The squadron moved south again in early 1944, then under the command of Squadron Leader A S Mann DFC, regaining its North American Mustang Mk.IA aircraft and initially being based at North Weald.  Operational activity at this time was largely focussed on reconnaissance against the German V1 flying bombs sites then starting to appear in France and aircraft from the squadron were responsible for obtaining some of the first, clear, low level photography of V1 launching sites in France.  Activity continued into early 1944 with an air to air gunnery course in Wales during February and a move to RAF Sawbridgeworth at the beginning of March 1944. The squadron then attended a naval gunfire direction course at Dundonald in Scotland in late March to early April.  The squadron then moved to RAF Gatwick and commenced intensive reconnaissance operations in preparation for the invasion.  Many sorties were conducted at extremely low level against a range of targets, including enemy coastal defence positions, lines of communication, major enemy supply centres, radar sites and enemy airfields.  Again losses were incurred, but the squadron was also scoring against the enemy.  In the period immediately before D-Day, aircraft from the Squadron conducted special last minute sorties to check on the state of German defensive preparations in the immediate area of the planned invasion.

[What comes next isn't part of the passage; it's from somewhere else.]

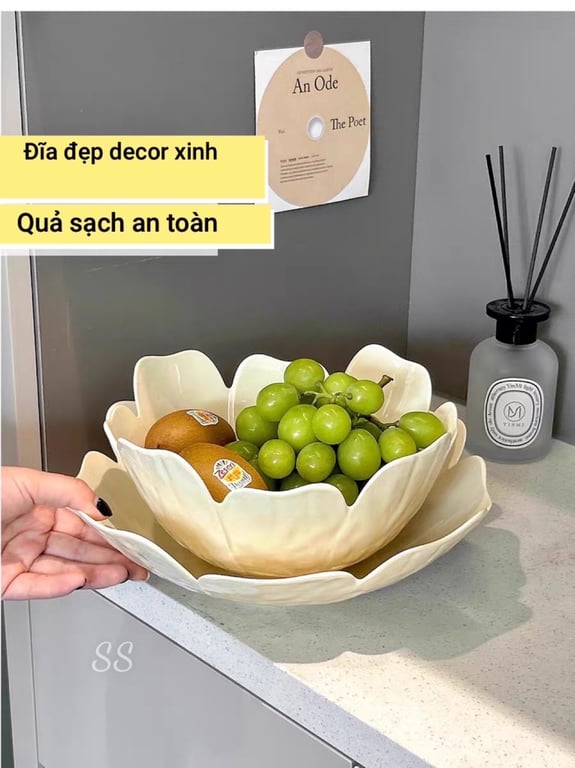 ĐĨA VIỀN UỐN LƯỢN HÌNH BÔNG HOA 2 MÀU TRẮNG TRONG VÀ TRẮNG SỮA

For D-Day, 6 June 1944, the squadron initially operated providing naval gunnery spotting and direction for units of the Home Fleet bombarding enemy defences operating out of RNAS Lee-on-Solent, and then later in the day switched to tactical reconnaissance searching out enemy reinforcements and units in the area behind the beachhead, with sorties late in the evening as far east as the western outskirts of Paris. The squadron suffered one recorded loss on D-Day, a pilot who was returning to base with aircraft engine problems went missing over the Channel. The tactical reconnaissance role in support of the invading Allied armies, and primarily the First Canadian Army, was to continue as the main role for the squadron for the remainder of the war.

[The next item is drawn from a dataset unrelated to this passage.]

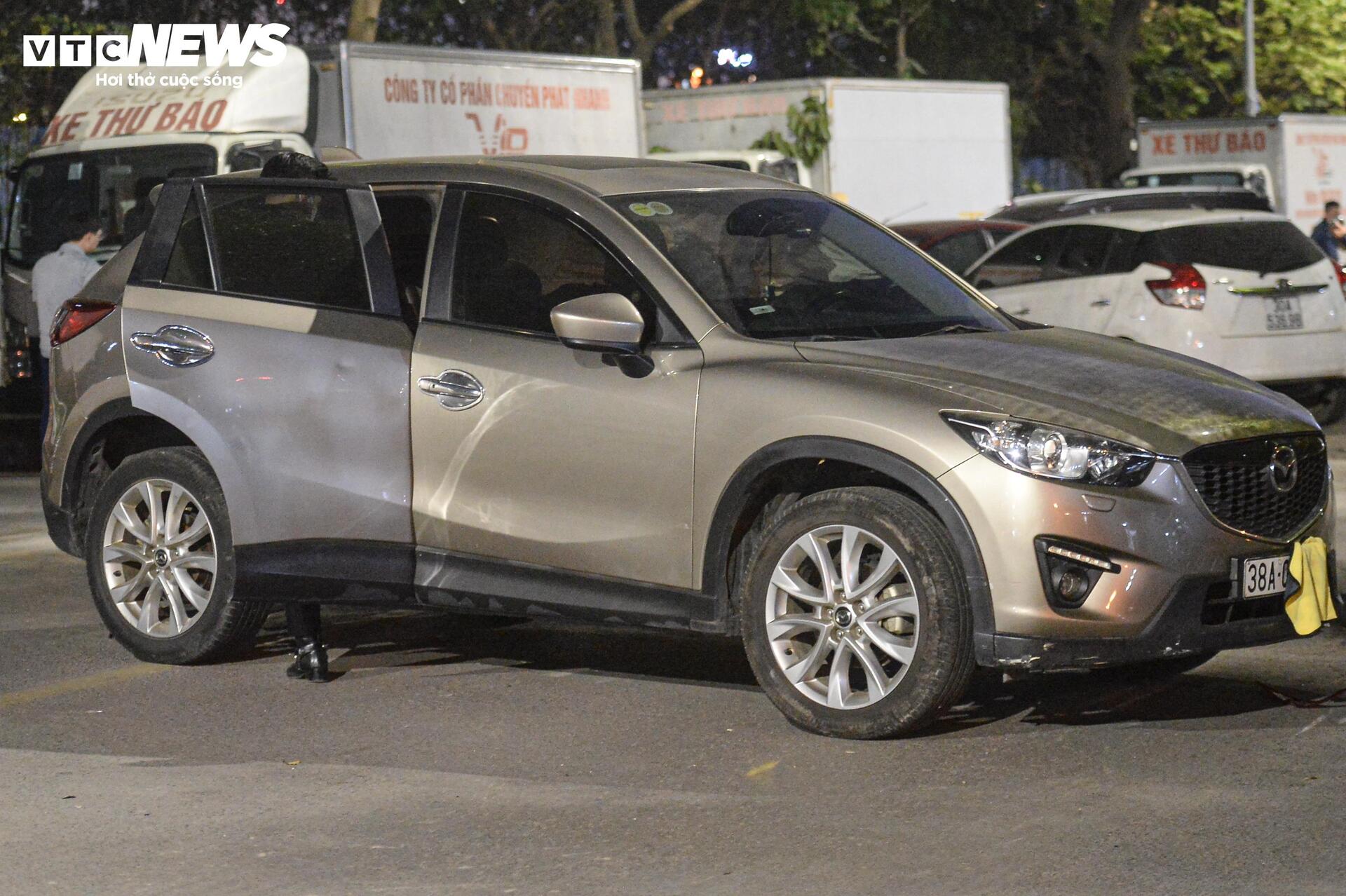 Hiện trường ngổn ngang sau vụ ô tô tông liên hoàn 7 phương tiện ở Hà Nội - 4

In July 1944 the squadron started to re-equip with another aircraft type, this time the Hawker Typhoon FR.Ib, a variant of the Hawker Typhoon fighter bomber and ground attack aircraft.  The Typhoon was a different ‘beast’ to the squadron's beloved Mustangs, and met a mixed reception.  Given the shorter operational range of the Typhoon compared to the Mustang and generally inferior quality of the reconnaissance photography from the Typhoon brought about by the transmission of engine vibrations to the airframe, the Typhoon FR.Ib only ever equipped one flight of the squadron, the other two flights continuing to operate Mustang Mk.IA aircraft.  The Typhoon eventually proved not to be suitable for the tactical reconnaissance role, and they were retired from the squadron by the end of November 1944 to be replaced by more Mustangs, this time the North American Mustang Mk.II.

In early August 1944 the squadron moved to the continent and then commenced a period of high mobility moving behind the advancing Allied armies and sustained activity providing reconnaissance coverage of the ever changing frontline and enemy rear areas.  The squadron was heavily involved in reconnaissance sorties covering the German retreat from France, including the Falaise Gap, retreat over the Seine, and pursuit of the Germans through Belgium and the Netherlands.  Again losses were suffered, but during this period, they tended to be more from flak rather than enemy fighter opposition.  In this timeframe the Squadron was also tasked with a number of sorties to search for possible German V2 rocket launching sites in Belgium and the Netherlands.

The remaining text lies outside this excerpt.